• [INFORMATION SUPPLIED]
______

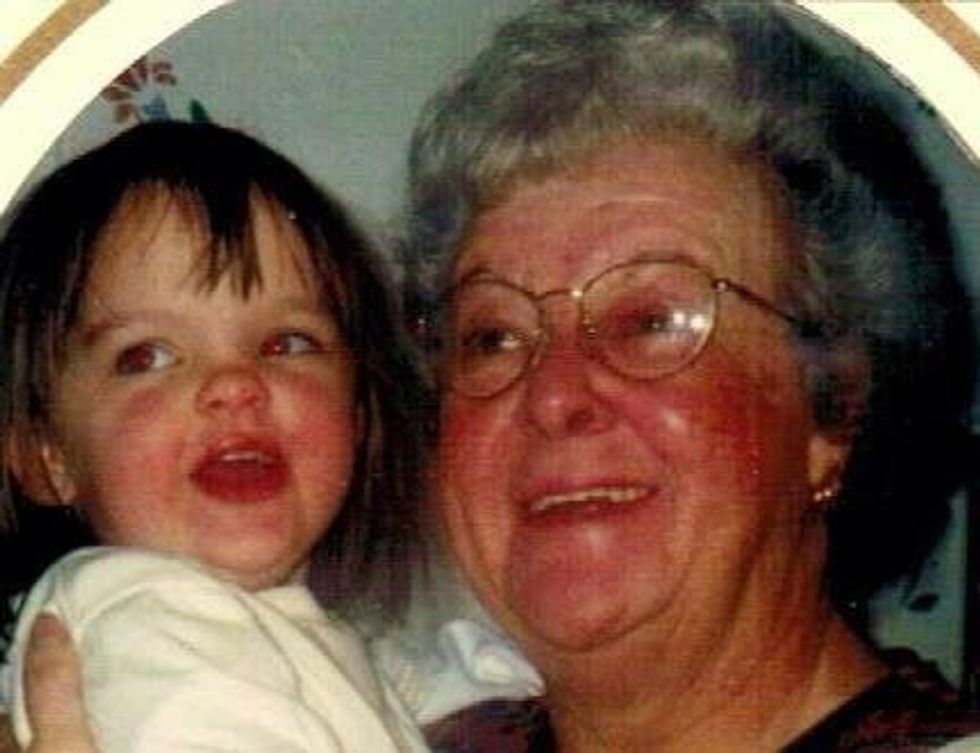 An Open Letter To My Grandma In Heaven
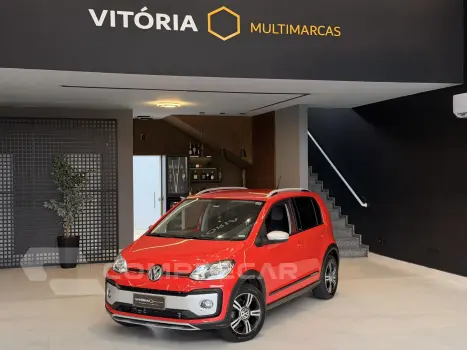 CROSS UP 1.0 TSI 12V FLEX 4P MANUAL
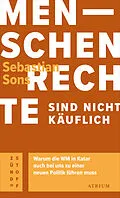 E-Book (epub) Menschenrechte sind nicht käuflich von Sebastian Sons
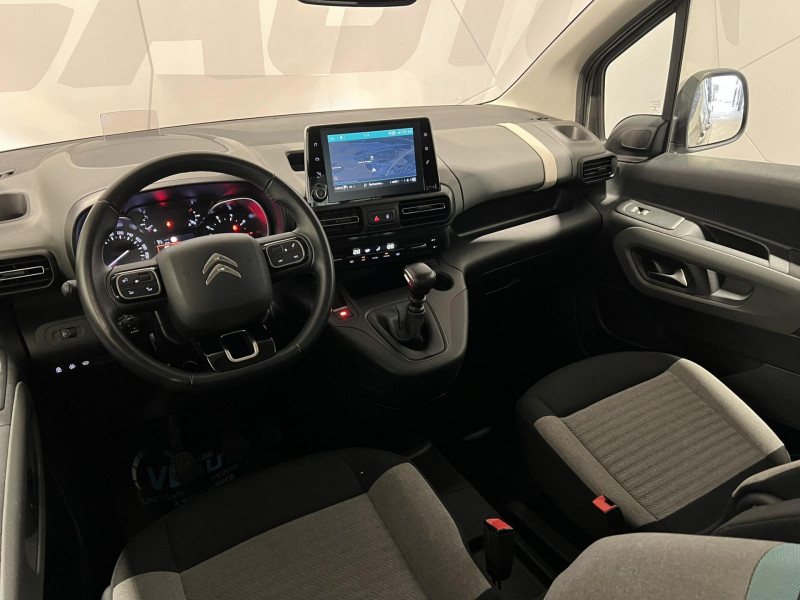 Photo 10 de l'offre de CITROEN BERLINGO Taille M BlueHDi 130 S&S BVM6 Shine à 17990€ chez VL Auto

______

Restate exactly, and only, the lines from the one that holds "CROSS UP 1.0 TSI 12V FLEX 4P MANUAL" down to the last line of the material above. Omit the pictures.

 CROSS UP 1.0 TSI 12V FLEX 4P MANUAL
 E-Book (epub) Menschenrechte sind nicht käuflich von Sebastian Sons
 Photo 10 de l'offre de CITROEN BERLINGO Taille M BlueHDi 130 S&S BVM6 Shine à 17990€ chez VL Auto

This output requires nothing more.